Как трудно было объяснить и природу северо-ирландского конфликта. ИРА — это кто, национально-освободительное движение или террористы? Когда большой дом-гостиницу в центре города взрывают, погибают люди, Тэтчер чудом осталась жива, — это что, справедливый акт возмездия или чистой воды теракт?
Или вот другой урок Тэтчер. Когда в 1983 году США вторглись на Гренаду, островное карибское государство, где происходило нечто похожее на кубинскую революцию, Рейган ничего не сообщил о своих планах Тэтчер. Она сочла это предательством, тем более, что главой государства там оставалась формально королева Великобритании. Она позвонила Рейгану и отчитала его как нашкодившего мальчишку. Очевидцы рассказывают, что Рейган слушал, не пытаясь вставить и слова, потом отнял от уха телефонную трубку, поднял ее так, чтобы всем в кабинете было слышно, что говорит Тэтчер, и, зажмурившись от удовольствия, сказал: «Ну правда, как она хороша!»
Отношения на много месяцев испортились. До тех пор, пока не настала пора новых отношений с СССР эпохи Горбачева.
Нам, журналистам и аналитикам, уже не на уровне политической верхушки, а в масштабе всей страны, так же трудно было и с «горбиманией» на Западе, и с огромной популярностью Тэтчер в СССР.
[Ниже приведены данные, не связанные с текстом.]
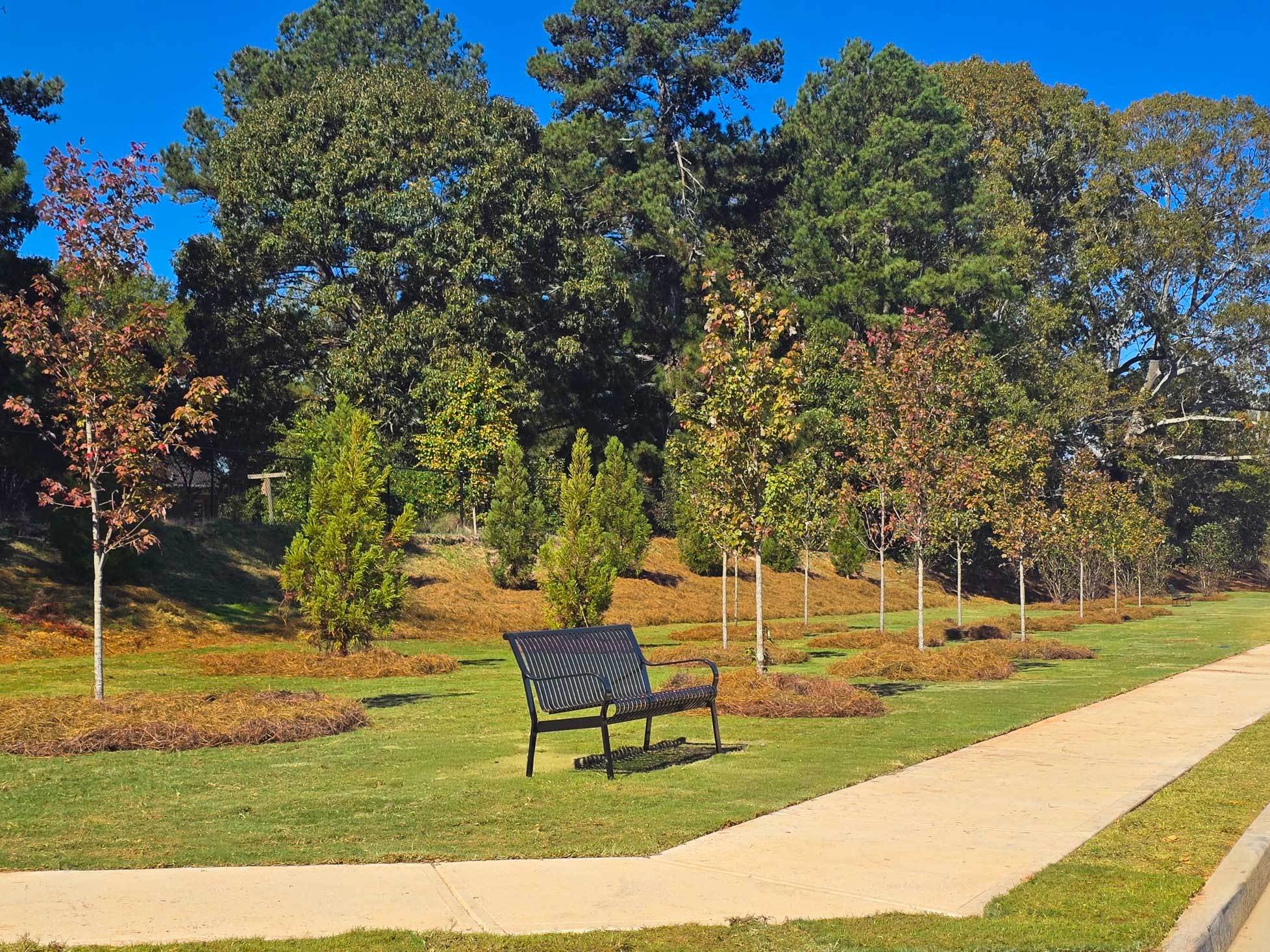 Dog Park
Популярность Горбачева за границей не давала ему плюсов дома, а ненависть многих англичан к Тэтчер до сих пор поражает русских в Англии. Здесь, на Западе, неприязнь к Горбачеву среди многих русских так же трудно объяснять, как и популярность Тэтчер в России.
И всё же. Вспомним другое: с того чем начиналось. С настроения волнующей свежести, смелой новизны и открытости. Как продолжилось — это другая история. Один российский комментатор, например, едко заметил, что «Горби» просто не повезло с нами, с народом, зато нам повезло с ним.
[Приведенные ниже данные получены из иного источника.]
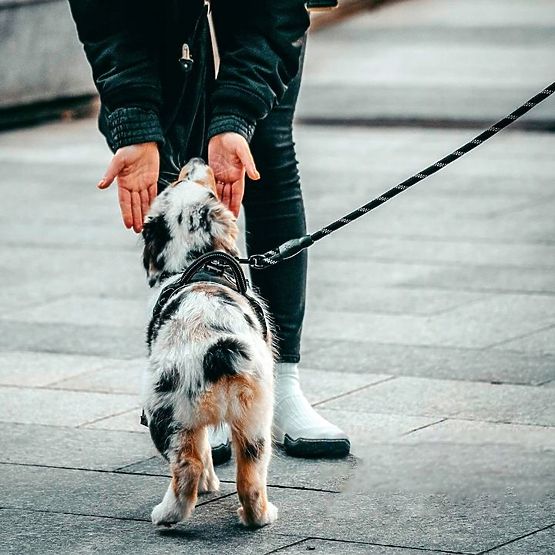 Refleksni povodec in ovratnica za psa PJ-035 rdeča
Тогда после короткого ужаса андроповского правления, когда и у них, и у нас стали "мыслить о немыслимом" – то есть о реальности всеобщей ядерной войны, наступил такой же короткий убаюкивающий маразм черненковского секретарства. Афган продолжался, ощущение кризиса нарастало.
И вдруг, в декабре 1984-го, мы увидели новое, свежее лицо будущей России. Горбачев, еще не генсек, но явно уже наследник кремлевского престола, приехал в Лондон с коротким, чуть ли не секретным визитом. У них с Тэтчер прошла небольшая встреча — лицом к лицу. И после на весь мир прозвенело свежо и ободряюще тэтчеровское: «Мне нравится мистер Горбачев. Мы можем вместе делать дело».
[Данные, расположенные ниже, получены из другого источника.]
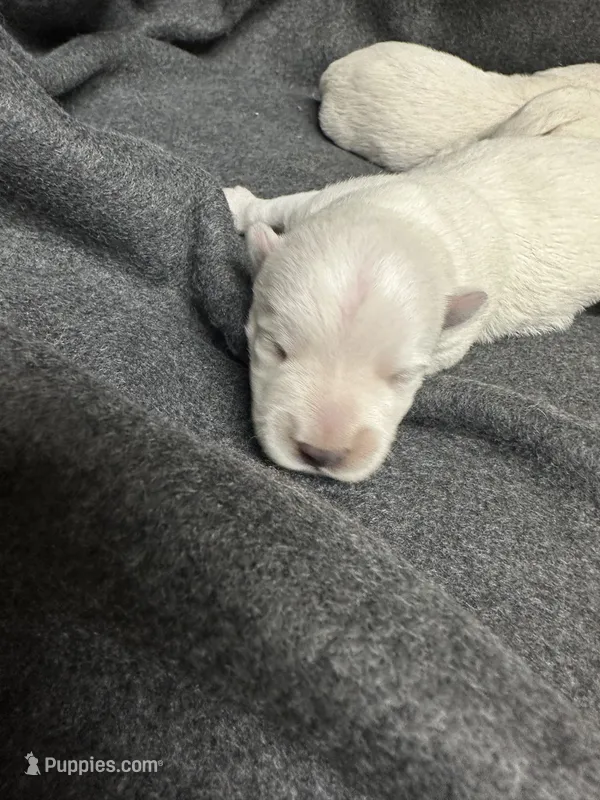 Lonnie – West Highland White Terrier puppy for sale in Scurry, TX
С этого началась «горбимания».
С этого начался конец холодной войны. Началось освобождение. Двадцатый век кончался с надеждой.
Если что не так вышло, не будем винить Тэтчер. «The lady’s not for turning, — как говорила она в одной из своих самых знаментых речей. — Даму не разворачивают». «If you want a U-turn, you turn. — Хотите разворачиваться — разворачивайтесь сами».